Leisha contempló su familiar entorno. En las paredes se alineaban los libros de leyes, rojos, verdes, castaños, pero la misma información estaba disponible por red. Sobre el escritorio, había una taza de café descansando sobre un impreso. A su lado estaba el recibo que le había pedido al taxista esa tarde, un frívolo souvenir del día en que se había recibido; había pensado enmarcarlo. Por encima del escritorio había un retrato holográfico de Kenzo Yagai.

– Que se pudra -contestó.

Richard la estrechó más entre sus brazos.

– Nunca te había visto así -dijo Alice, con prudencia-. Es algo más que el levantar la casa, ¿verdad?
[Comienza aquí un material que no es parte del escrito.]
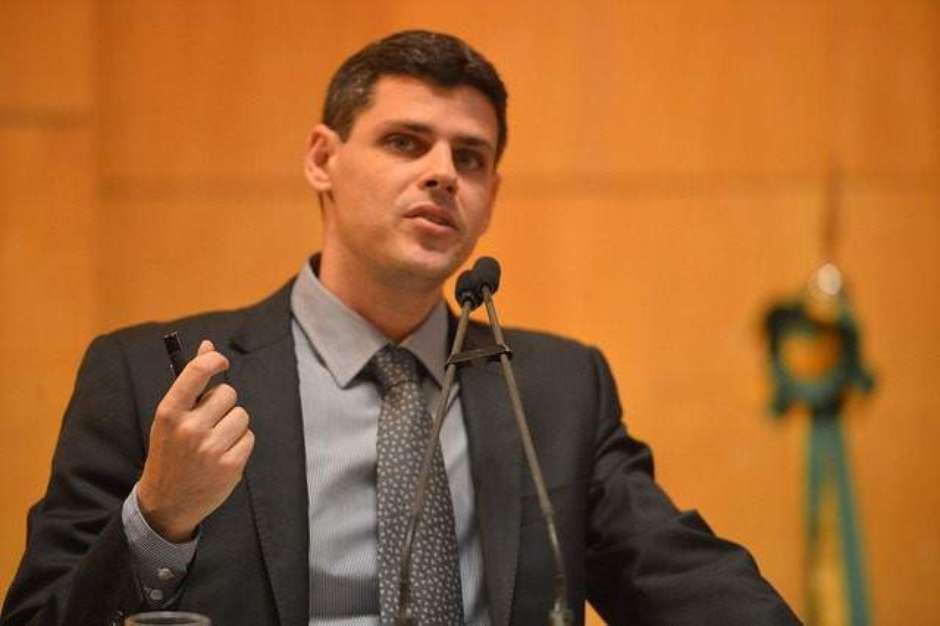 Secretário do Tesouro diz que Governo não quebrará teto de gastos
– Pongamos manos a la obra -dijo Leisha. Sacó bruscamente un traje del armario de su padre. -¿Quieres algo de esto para tu esposo?

– No le irían bien.

– ¿Los sombreros?

– No -dijo Alice-. Leisha, ¿qué te pasa?

– ¡Hagamos esto! -Arrojó todas las ropas del armario de Roger Camden en una pila en el suelo, garabateó en un papel PARA LA AGENCIA DE VOLUNTARIOS y lo puso sobre la pila. Silenciosamente, Alice comenzó a agregar ropas de los cajones de la cómoda, que ya tenía pegado un papel que decía SUBASTA PUBLICA.

Ya estaban descolgadas todas las cortinas de la casa; Alice lo había hecho el día anterior.
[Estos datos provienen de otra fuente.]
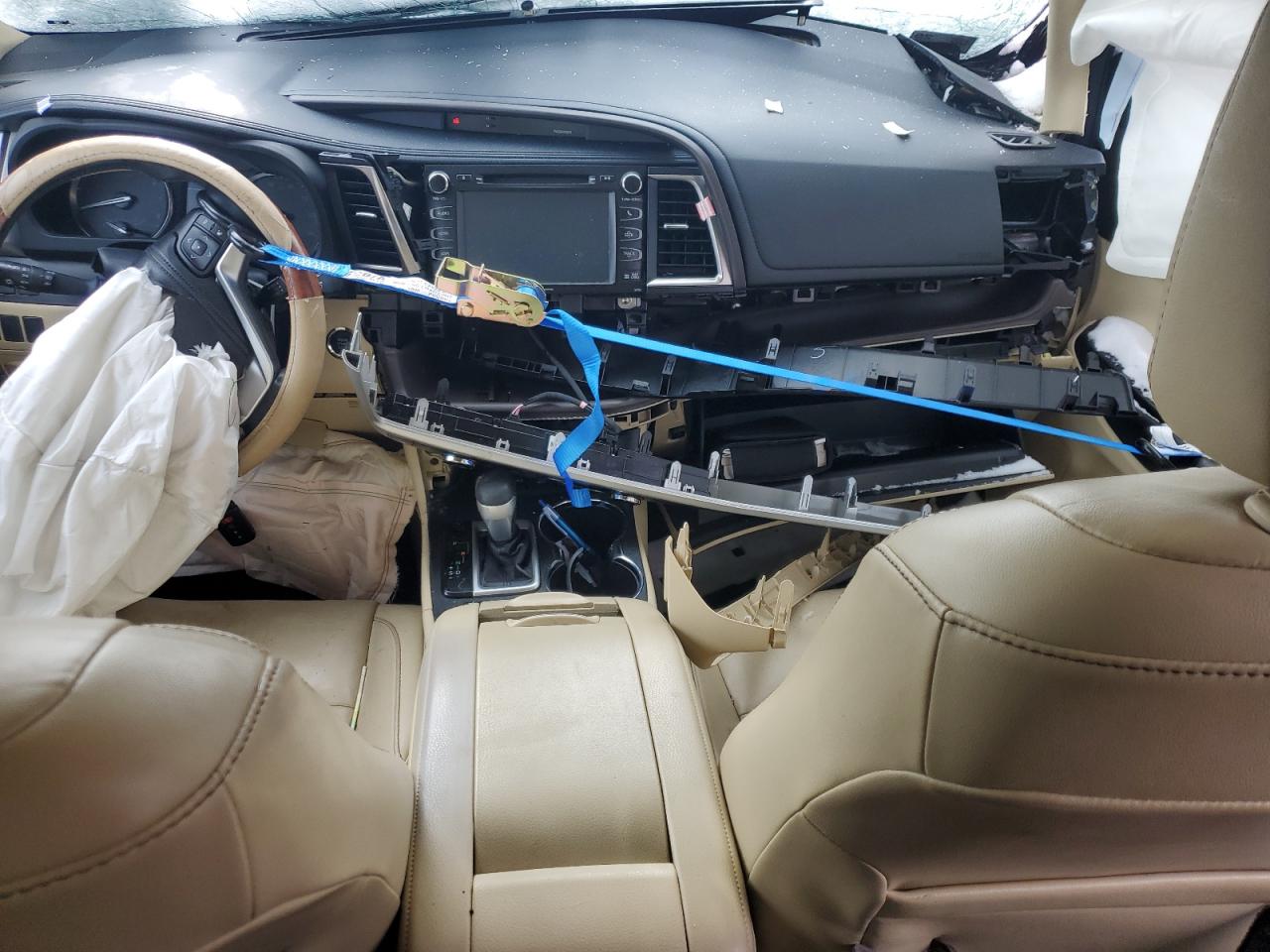 2015 Toyota Highlander - Image 8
También había arrollado las alfombras. El sol se reflejaba rojizo sobre la madera desnuda de los pisos.

– ¿Y qué hay de tu vieja habitación? -preguntó Leisha-. ¿Qué quieres de allí?

– Ya lo etiqueté -dijo Alice-. El jueves vendrá la mudadora.

– Bien. ¿Qué más?

– El invernadero. Sanderson ha estado regando todo, pero realmente no sabía cuánta agua necesitaba cada planta, de modo que algunas están…

– Despide a Sanderson -espetó Leisha-. Las exóticas pueden morirse. O que las envíen a un hospital, si prefieres. Ten cuidado solamente con las venenosas. Vamos, ocupémonos de la biblioteca.

Se había cortado el cabello, a Leisha le pareció que le quedaba horrible, formando mechones castaños en punta en torno a su ancho rostro. Además había engordado. Comenzaba a parecerse a su madre.